Online Program

Return to main conference page

All Times EDT

, -
Virtual
Contributed Presentations

Pan-Cancer Identification of Clinically Relevant Genomic Subtypes Using Outcome-Weighted Integrative Clustering (309847)

*Arshi Arora, Memorial Sloan Kettering Cancer Center 

Keywords: supervised clustering, integrative clustering, patient survival, pan-cancer, prognostic stratification

Molecular phenotypes of cancer are complex and influenced by a multitude of factors.

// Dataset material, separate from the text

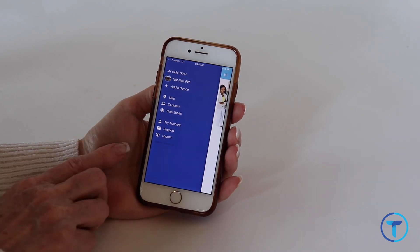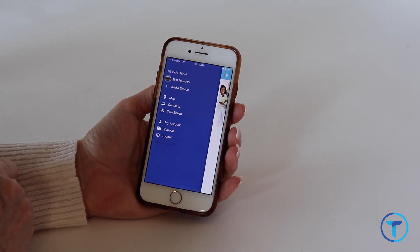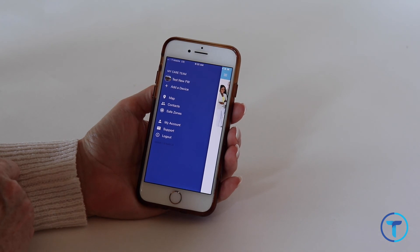Note that to receive notifications you must be logged into your app. If things aren't refreshing or working, try logging out and back on.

Conventional unsupervised clustering of heterogeneous cancer patient populations is inevitably driven by the dominant variation from major factors such as cell-of-origin or histology and may or may not be associated with clinical outcome of interest like survival time. Such a canonical clustering approach leads to meaningful clusters when, by chance, the major molecular patterns are also correlated with clinical outcomes of interest. When this is not the case a more targeted approach requiring effective extraction of information directly associated with patient outcome and localized molecular signature is essential.

We propose survClust, an outcome-weighted statistical learning algorithm for integrative molecular stratification focusing on patient survival. The algorithm learns a weighted distance matrix from each molecular data type that consists of a vector of regression effect sizes as weights of the outcome. To facilitate integration, the weighted distance matrices are averaged after standardization, summarizing intratumor and inter-patient heterogeneity. Multidimensional scaling (MDS) is then used to map the subjects into an n-dimensional space that preserves between-subject distances for clustering. Results are cross-validated and final supervised clustered class labels are provided carrying prognostic relevance.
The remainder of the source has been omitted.